Cuperlo: «La fiducia sull'Italicum sarebbe la fine del governo Renzi»

Sono circa 140 gli emendamenti presentati alle riforma elettorale in commissione Affari Costituzionali alla Camera. Il termine per la presentazione delle proposte di modifica, che saranno illustrate oggi a partire dalle 11.30, è scaduto questa mattina alle 9. Non mancano le critiche al premier da parte della minoranza dem.

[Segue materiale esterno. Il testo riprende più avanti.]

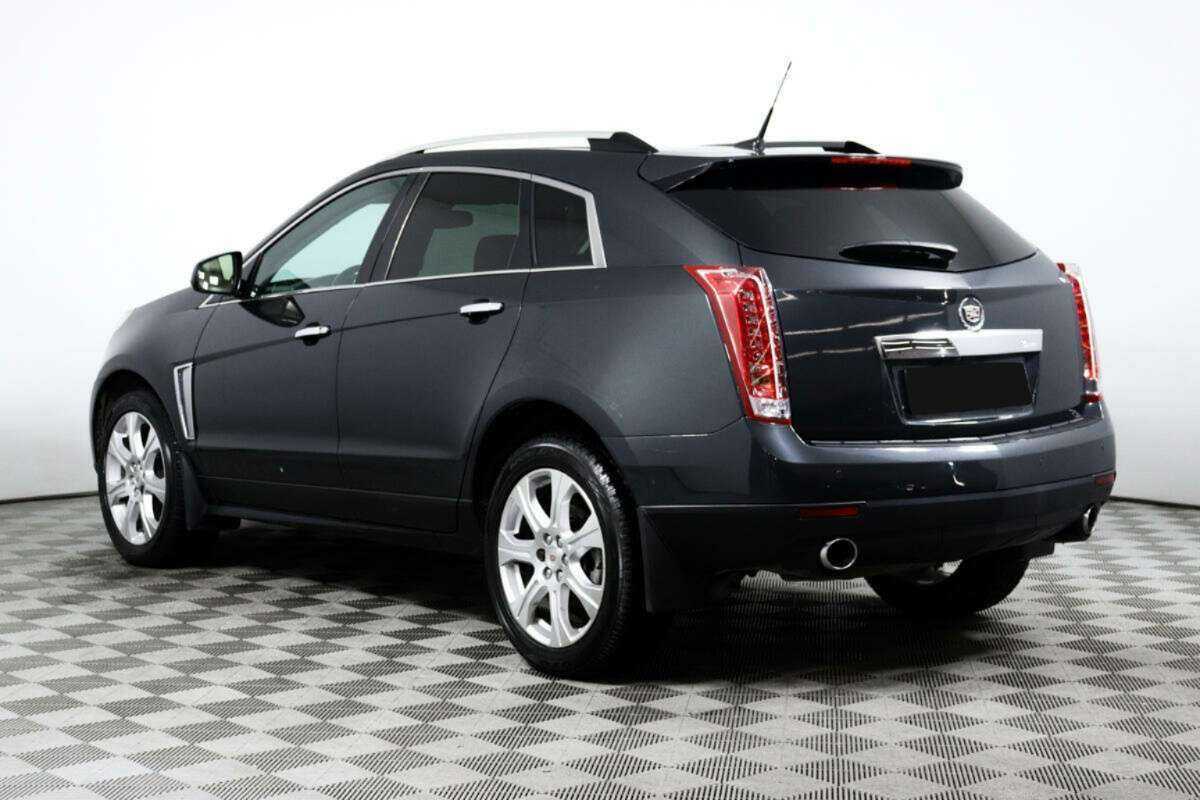 Купить Cadillac SRX с пробегом. Фото: #6
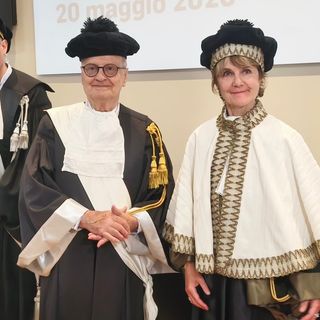 Laurea honoris causa per Giulio Paolini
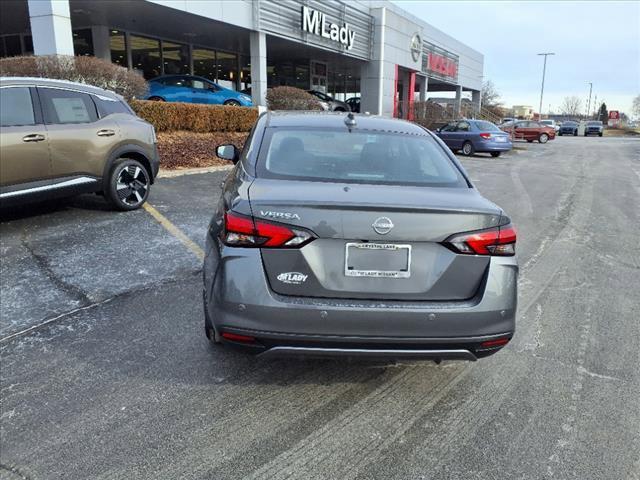 new 2025 Nissan Versa car, priced at $18,385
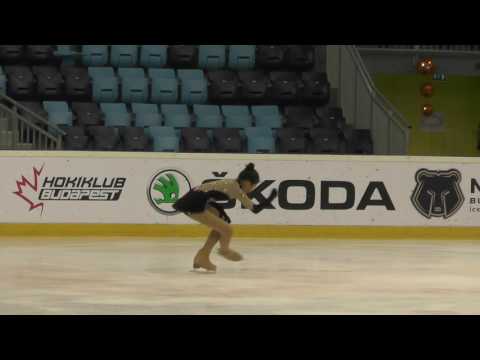 2016 Santa Claus Cup: Elif OZCAN (TUR) - FS Basic Novice A GIRLS 2003-2004, Free skating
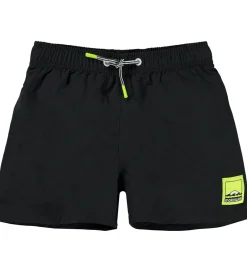 Badetøj-Molo Badeshorts - UV50+ - Niko Solid - Sort
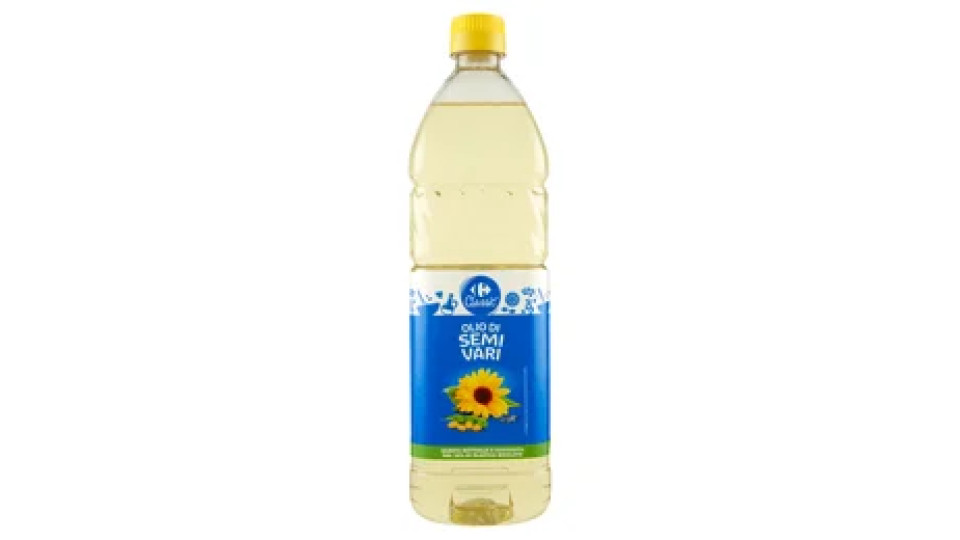 Carrefour Olio di semi vari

Roma (askanews) - Sono circa 140 gli emendamenti presentati alle riforma elettorale, il cosiddetto Italicum, in commissione Affari Costituzionali alla Camera. Il termine per la presentazione delle proposte di modifica, che saranno illustrate oggi a partire dalle 11.30, è scaduto questa mattina alle 9. Non mancano le critiche al premier da parte della minoranza dem.

Cuperlo: Sarebbe uno strappo così grave da provocare la fine della legislatura
Una fiducia sulla legge elettorale provocherebbe uno «strappo grave» in Parlamento che potrebbe portare ad una fine anticipata della legislatura. Lo ha detto Gianni Cuperlo a 'L'intervista' su SkyTg24: «Fino all'ultimo mi impegnerò per evitare che si arrivi ad un voto di fiducia sulla legge elettorale. Sarebbe uno strappo che ha un solo precedente, nel 1953. Faccio un appello al presidente del consiglio - ha aggiunto - riflettiamo ancora. Se accadesse avvieremmo la legislatura verso un percorso di progressivo e accelerato esaurimento. Provocherebbe una tale rottura in Parlamento con le forze che si determinerebbe un clima di enorme tensione. Si correrebbe il rischio di instradare la legislatura su un binario che va a esaurimento».

Mineo: La fiducia sull'Italicum sarebbe un grave errore
«L'Italicum non è la priorità del nostro Paese. La fiducia sarebbe un errore grave e non ci sarebbe più un Partito Democratico se questa operazione andasse in porto».Lo ha detto Corradino Mineo, senatore Pd, intervenuto stamattina ad Omnibus su La7. «Io credo che Renzi stia bluffando. E' meglio che si fermi un attimo a discutere", ha aggiunto.

Pisicchio: La legge elettorale non può essere il giudizio di Dio
«La legge elettorale non può essere il giudizio di Dio. Recuperiamo i toni appropriati per un dibattito civile. E consentiamo al Parlamento di esprimersi senza pressioni ansiogene da parte di chicchessia». Lo ha affermato in una nota il presidente del gruppo misto alla Camera Pino Pisicchio, unendosi agli altri dem contrari al voto di fiducia.